Isn’t it possible that some White people just accept anyone that’s interesting to them regardless of the color of their skin? I feel like I’m being put into a box suggesting I should maybe stick to my own race. OBVIOUSLY, you can see the color of the person you’re with, but if you’re not a racist, and it’s not a fetish, and you see no more value in a White person than anyone else, why limit yourself to your own race? My wife likes White guys. I like Hispanic women. We’re really hap together and race has never been an issue in the 8 years we’ve been married. I’ve dated Black girls, Asian girls, Middle Eastern girls: yes, Muslims included, Jewish girls, Native American women, and, obviously, Hispanic women. The majority of the women I have dated were White.

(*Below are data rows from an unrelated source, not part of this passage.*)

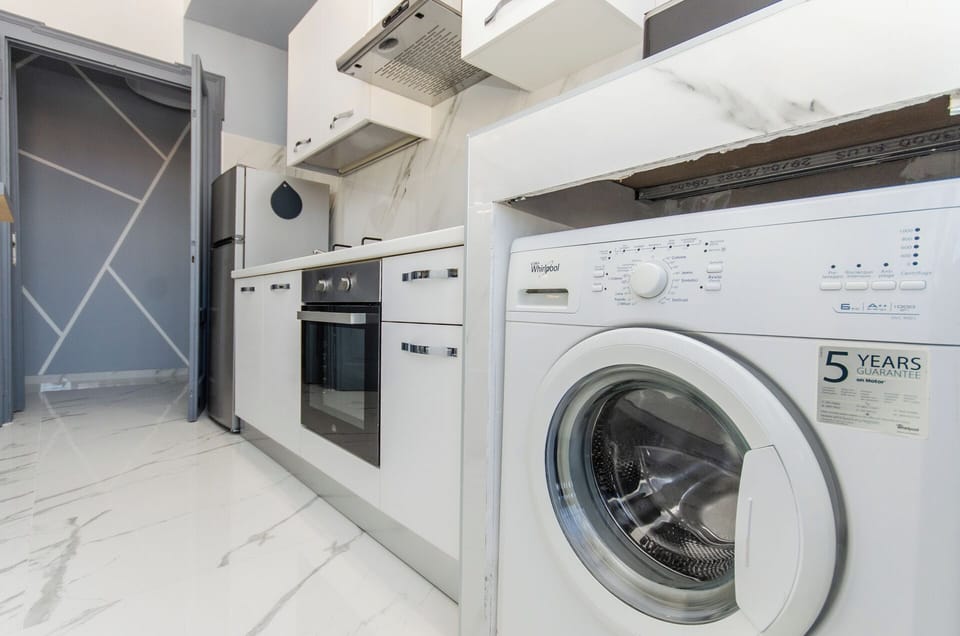 Apartment, Courtyard View | Private kitchen | Full-size fridge, microwave, oven, stovetop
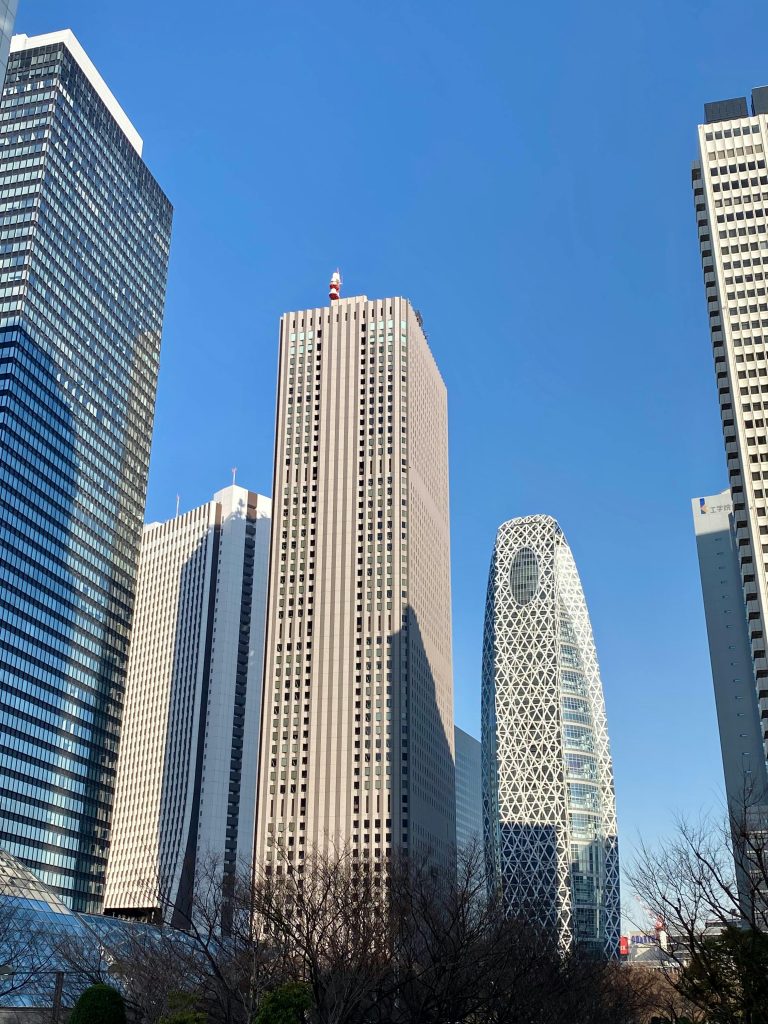 A low-angle view of Shinjuku skyscrapers in Tokyo, showcasing modern architecture.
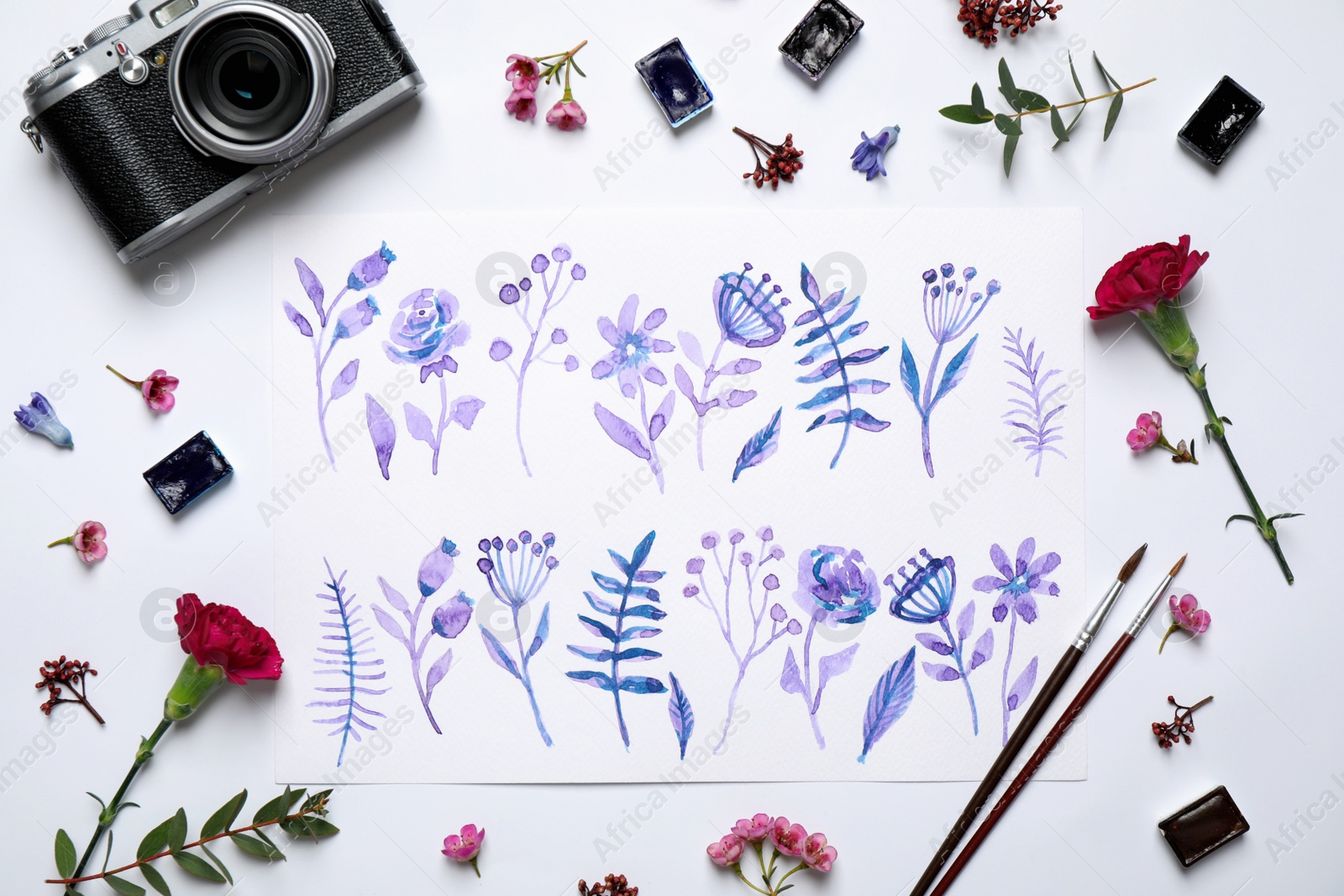 Photo of Flat lay composition with floral picture and watercolor paints on white background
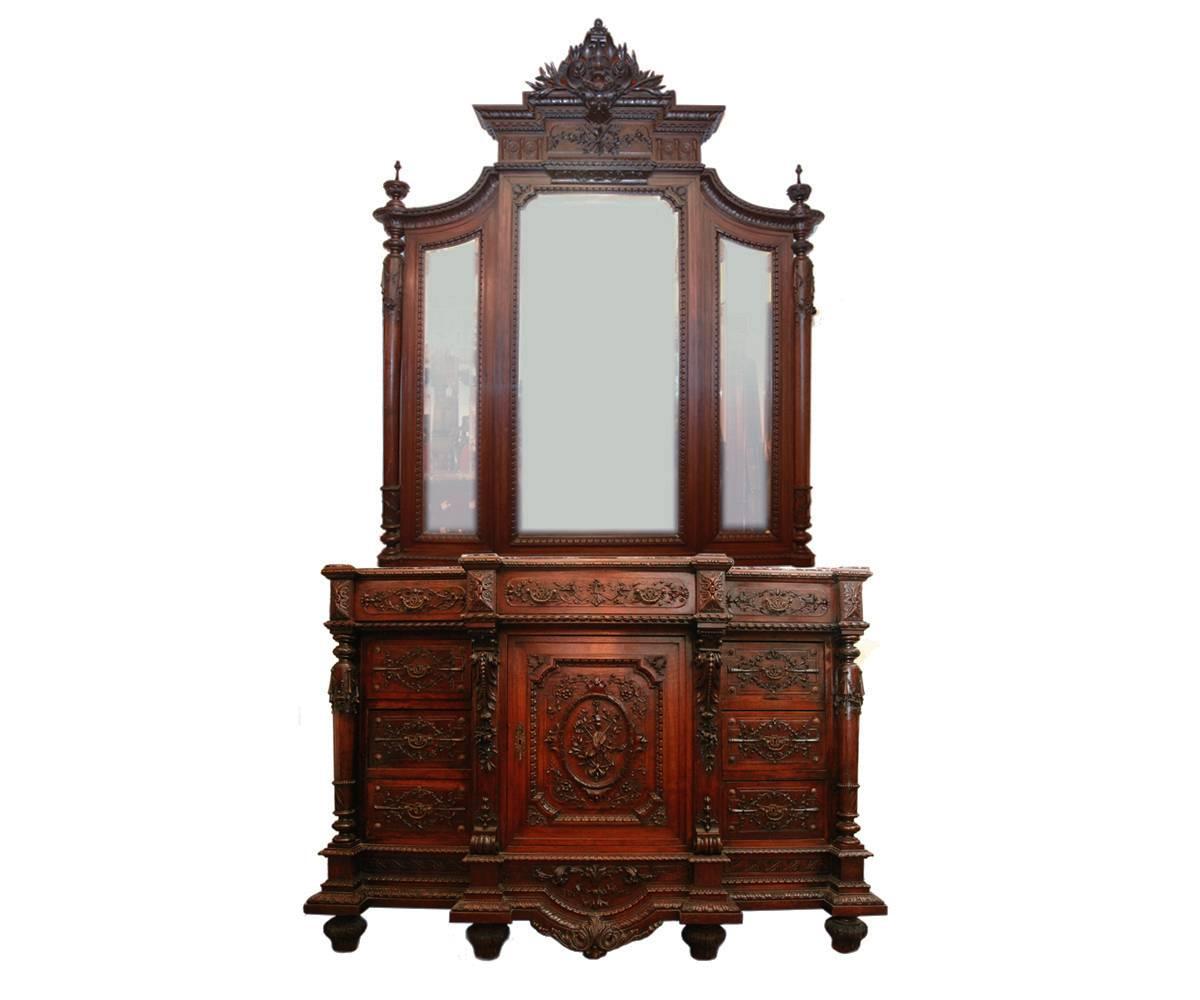 Offered is a three-piece antique French Louis, the XVI hand-carved 19th century walnut bedroom set consisting of: An armoire with an original beveled mirror front with an attached secretary which would make an excellent jewelry cabinet, a dresser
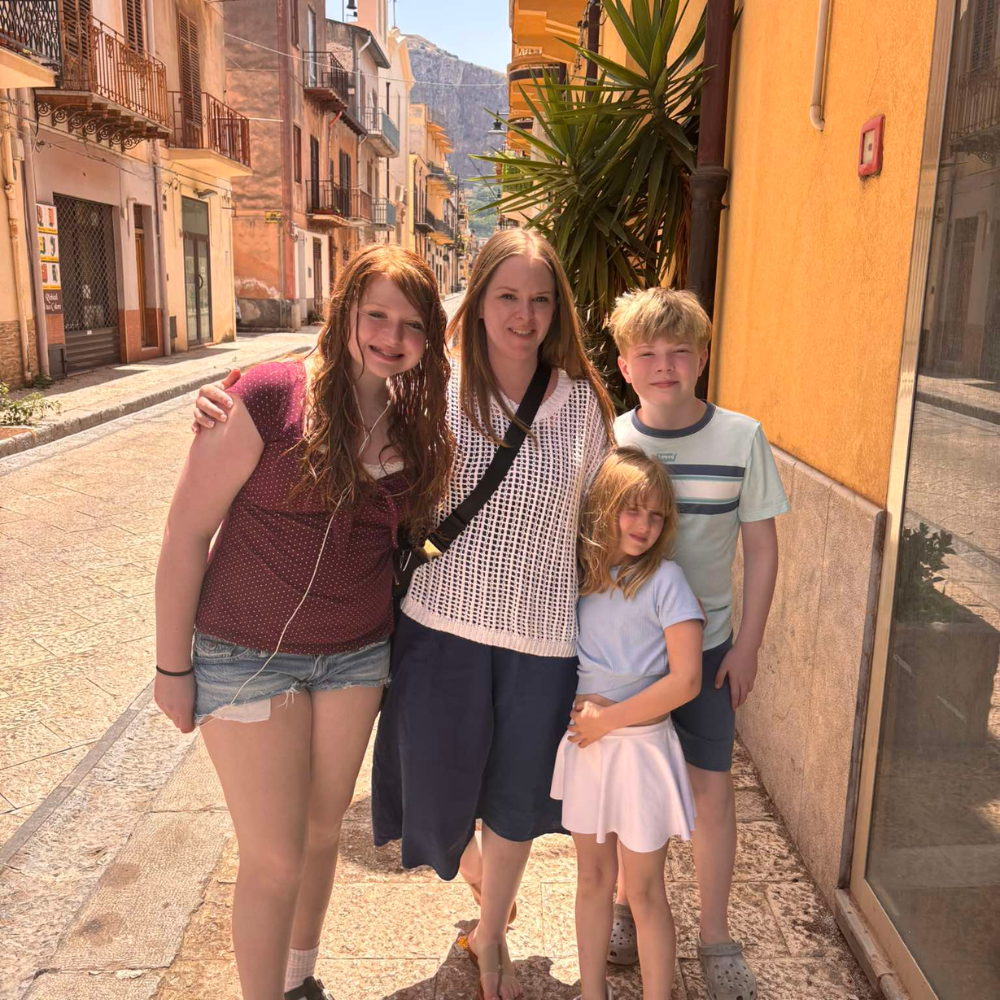 four people standing on a street with a large green plant behind them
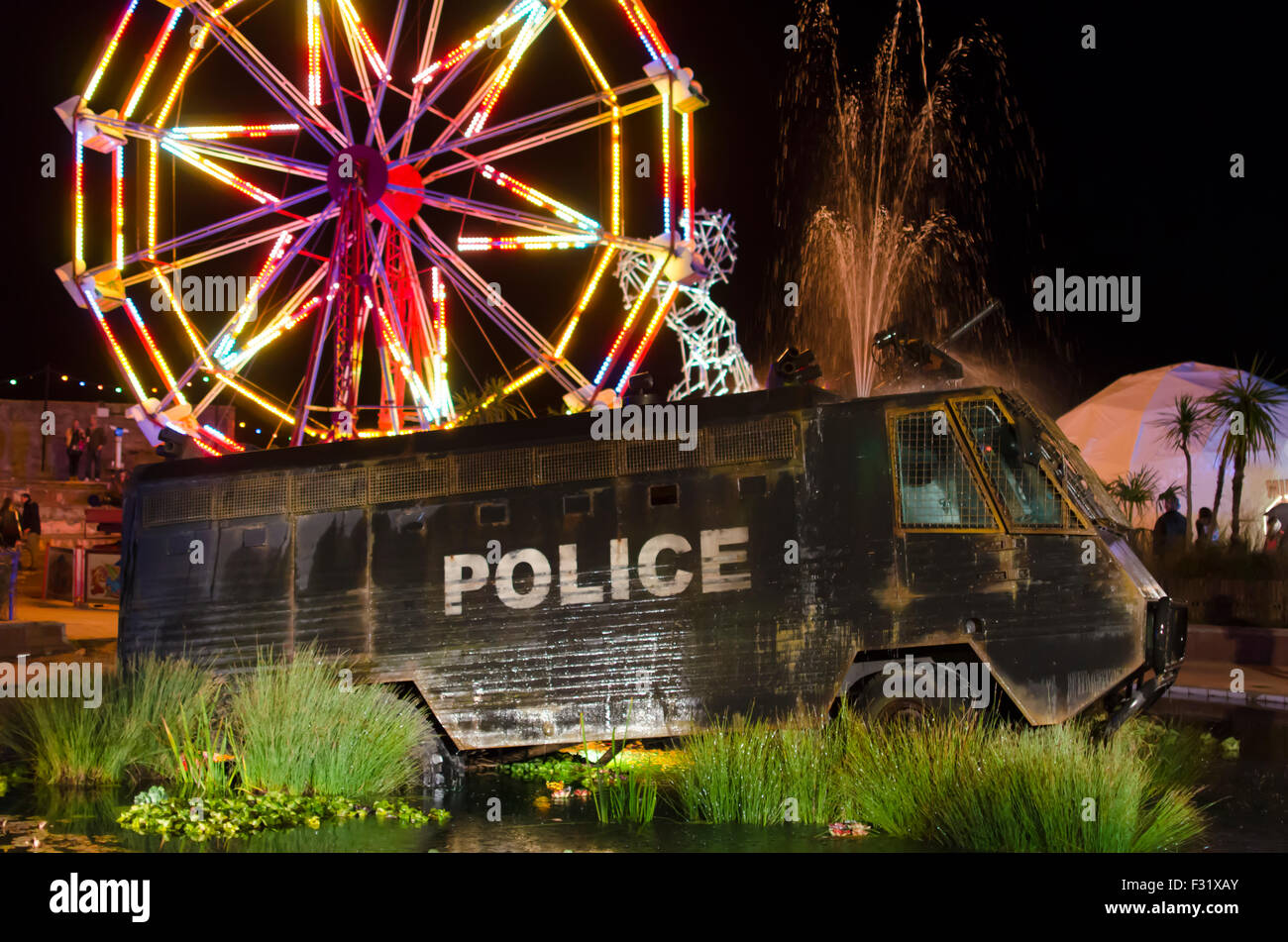 Fountain made out of police riot van at Banksy's Dismaland bemusement park during closing party Stock Photo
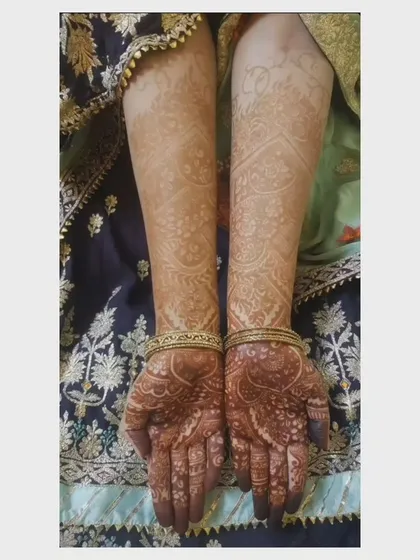 The final stain on both arms, showing the complete bridal look. My designs are created to be symmetrical and complementary, providing a beautiful, cohesive look for your big day.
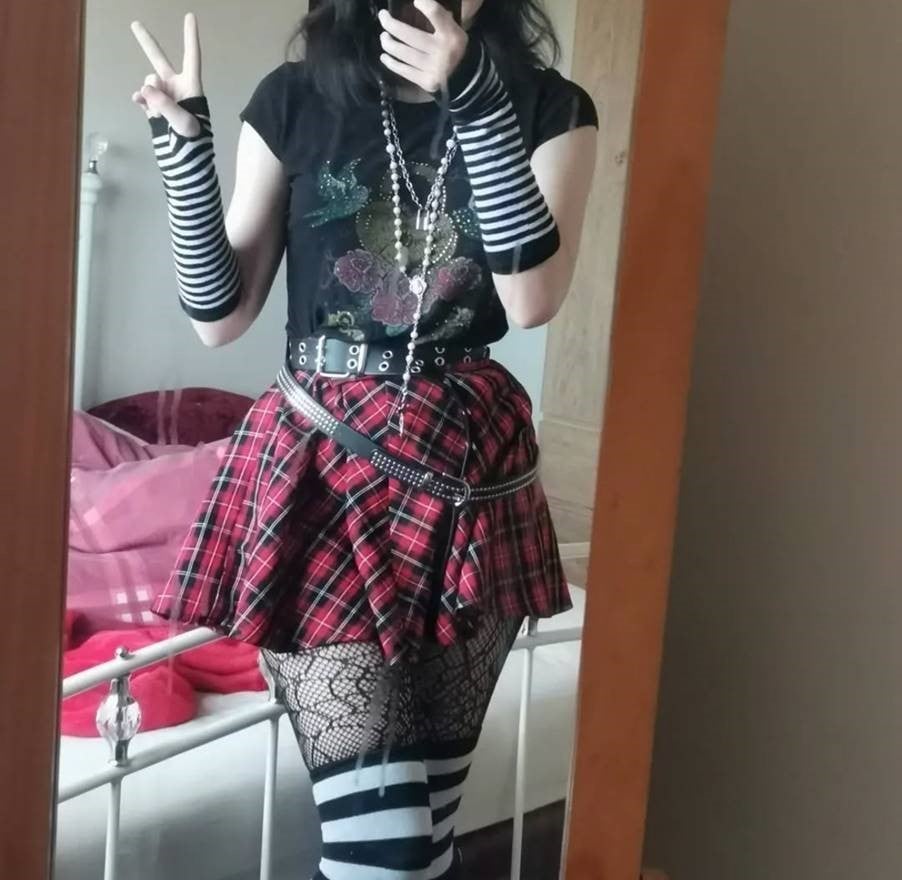 Graphic Tee With Red Plaid Skirt And Fishnets Graphic Tee With Red Plaid Skirt And Fishnets — Emo Outfits
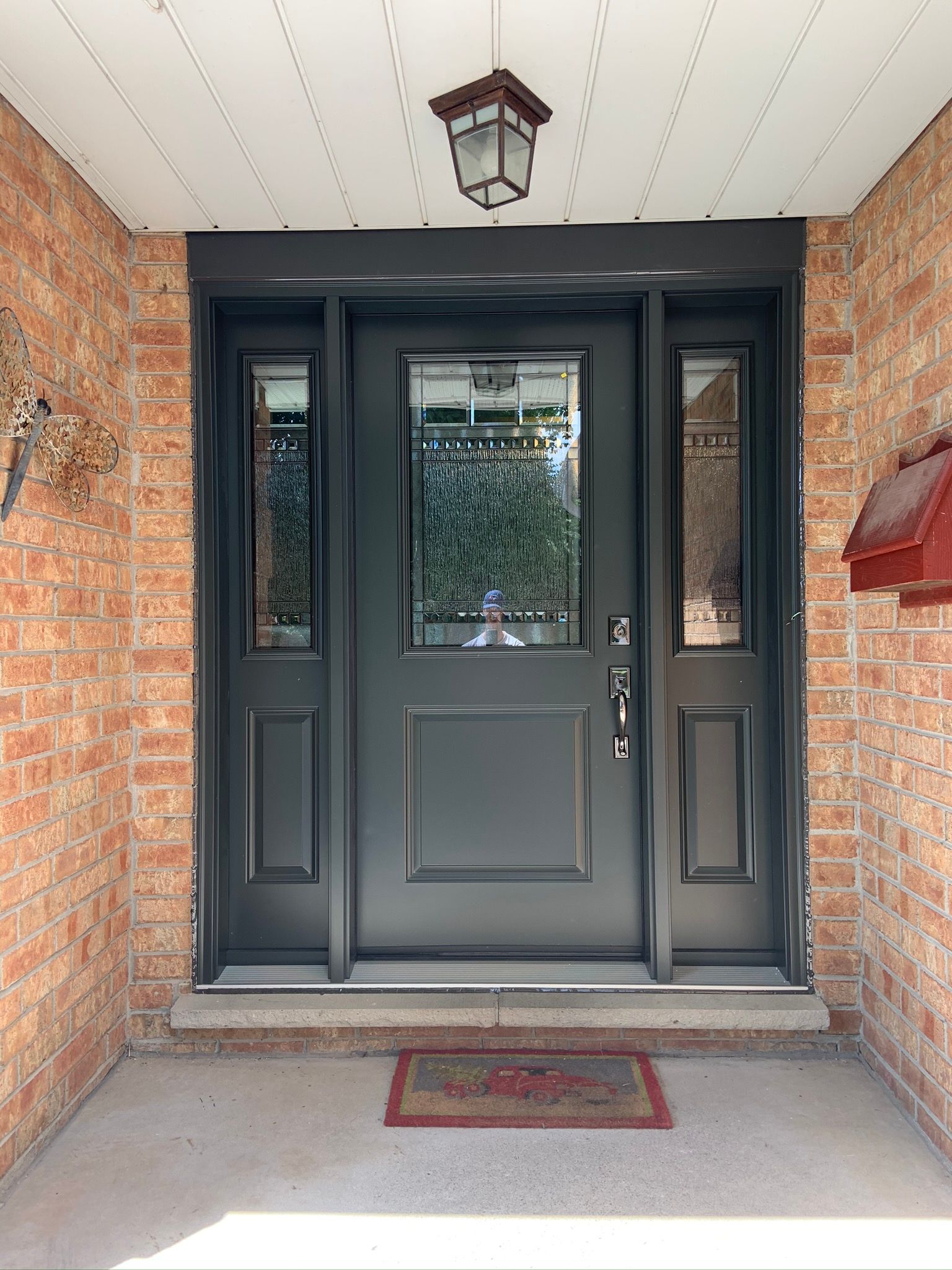 The front door of a brick house with a black door and a lantern hanging from the ceiling.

But the longest relationships I had were with Hispanic women. It wasn’t by design, it just worked out that way. I was as happy with the White girls as anyone else: at the time. I am attracted to the Latin culture and I make no apologies for that. It’s not a feti9sh. I’ve always just been really into their music, their art, their theater, their architecture, and everything else. Yes, I think the women are exotic. So? I’ve always like brunettes whether they’re White, Hispanic, whatever race. I like darker skin, dark eyes, dark hair. It’s just a look that I really like. If I were single, I wouldn’t be looking for someone Hispanic, Black, Asian, or whatever, I’d be looking for someone with the characteristics that appeal to me AND who is interesting and kind. The packaging doesn’t matter if the inside is rotten. I think sometimes people read too much into these things. People like who they like.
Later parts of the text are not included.